THE VIRTUAL OFFICE OF WILLIAM A. DEMBSKI
Home |
Biosketch |
Personal Story |
Articles |
Other Resources
Why Evolutionary Algorithms Cannot Generate Specified Complexity
William A. Dembski
Appeared as Metaviews 152 (www.meta-list.org). 1999/11/1. Approximately 3575 words.
In my last piece for META, I asserted that evolutionary algorithms
cannot generate specified complexity and motivated this assertion by
pointing to the failure of Richard Dawkins's well-known METHINKS IT
IS LIKE A WEASEL example to generate specified complexity. My point
was that Dawkins's evolutionary algorithm converged on METHINKS IT IS
LIKE A WEASEL with probability one, and therefore reduced the
complexity of generating this sequence to zero. With reference to
specified complexity, complexity and probability are inverse notions:
High complexity presupposes many live possibilities and
correspondingly assigns low probability to anyone of these
possibilities. Thus, while it's true that shaking out random scrabble
pieces would render METHINKS IT IS LIKE A WEASEL highly improbable
(and therefore complex), Dawkins's evolutionary algorithm renders
that sequence certain and thereby removes its complexity. Basically,
the problem here is one of setting the relevant probabilistic
context. Within a random-scrabble-shaking-scenario, this sequence is
complex and specified, but within Dawkins's evolutionary algorithm it
is no longer complex (though it remains specified). I therefore
concluded my last piece by saying that just as Darwinian evolution
only delivers the **appearance** of design (an assertion all
Darwinists perforce accept), so too it only delivers the
**appearance** of specified complexity.
In this piece I want to develop this last point further. I want to
sketch a fuller justification for this failure of evolutionary
algorithms to generate specified complexity. Note that I'm not going
to provide a precise mathematical proof here. I'm simply going to
sketch the general mathematical considerations that lead me to regard
the attempt to generate specified complexity via evolutionary
algorithms as a fool's errand. Indeed, I'm going to argue that the
failure of evolutionary algorithms to generate actual specified
complexity counts decisively against their ability as general purpose
problem solvers and by implication raises substantive doubts about
the power of the Darwinian mechanism generally to produce the marvels
increasingly attributed to them. Note that in this piece I am keeping
the body of the text non-technical. Nonetheless, I include a set of
technical appendixes for those who want to see some of the relevant
mathematics.
In general terms, the problem of generating specified complexity
via an evolutionary algorithm can be conceived as follows. We are
given a phase space of possible solutions to a problem and a fitness
function over that phase space. Our task is to optimize this fitness
function by finding a point in the phase space that attains a certain
level of fitness. Think of it this way: The phase space is a vast
plane, the fitness function is a vast hollowed-out mountain-range
over the plane (complete with low-lying foothills and incredibly high
peaks). The task of an evolutionary algorithm is by moving around in
the plane to get to some point under the mountain-range where it
attains at least a certain height (e.g., 10,000 feet). The collection
of all such places on the plane where the mountain range attains at
least that height (here 10,000 feet) we will call the **target**.
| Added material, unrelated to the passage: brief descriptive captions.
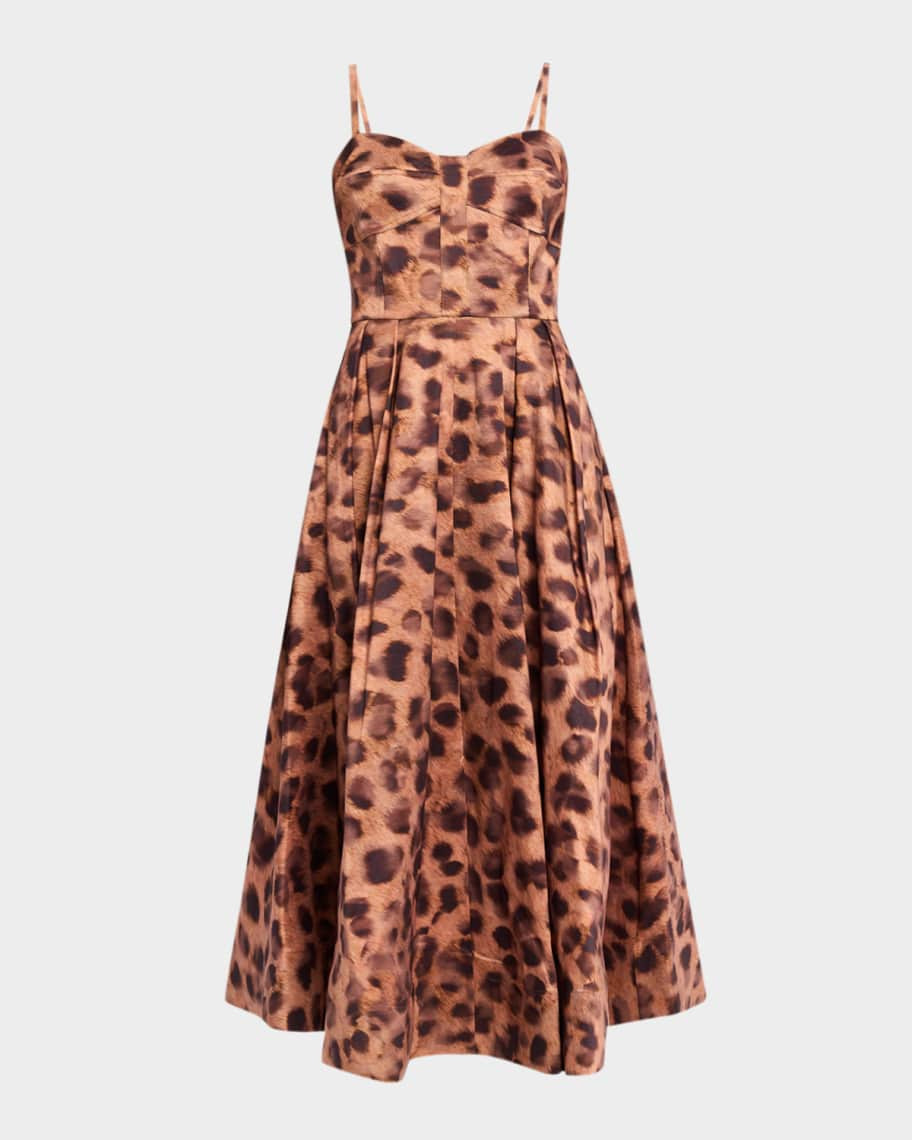 Milly Queen Pleated Leopard-Print Taffeta Midi Dress | Neiman Marcus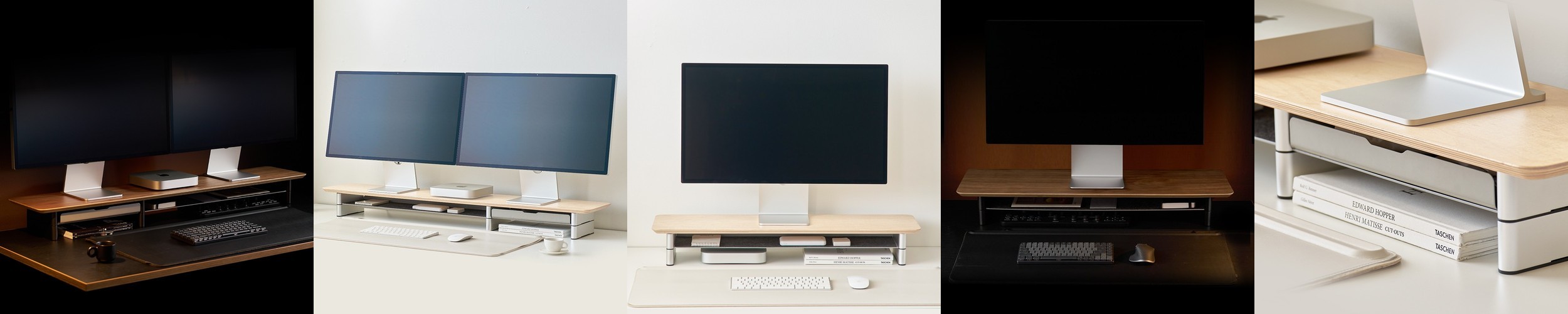 오프레임 STILO 듀얼 모니터 받침대 프리미엄 데스크 선반 고급 원목 높이조절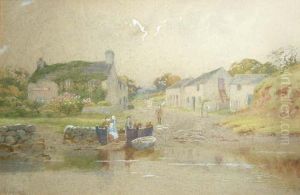 The Ferry Inn, Figures Waiting For A Footferry On A Small Wooden Pier In The Foreground by Peter Ghent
Thus the job of the evolutionary algorithm is by navigating the phase
space to find its way into the target (see Appendix 1 below).
Now, the phase space (which we are picturing as a giant plane)
usually comes with some additional topological structure, typically
given by a metric or distance function (see Appendix 2). This
topological structure tells us how points in the phase space are
related geometrically to nearby points. Also, even though the phase
space is huge, it tends to be finite (strictly finite for problems
represented on computer and topologically finite, or what topologists
call "compact," in general). Moreover, such spaces typically come
with a uniform probability that is adapted to the topology of the
phase space (see Appendix 3).
Basically this means that if you get out your tape measure and
measure off a three by five foot area in one part of the phase space,
the uniform probability will assign it the same probability as a
three by five foot area in another portion of the phase space. All
the spaces to which I've seen evolutionary algorithms applied do
indeed satisfy these two conditions of having a finite topological
structure (i.e., they are compact) and possessing a uniform
probability. Moreover, this uniform probability is what typically
gets used to estimate the complexity/improbability of the target
(i.e., the area of the phase space under the mountain range where it
attains a certain requisite level -- e.g., 10,000 feet).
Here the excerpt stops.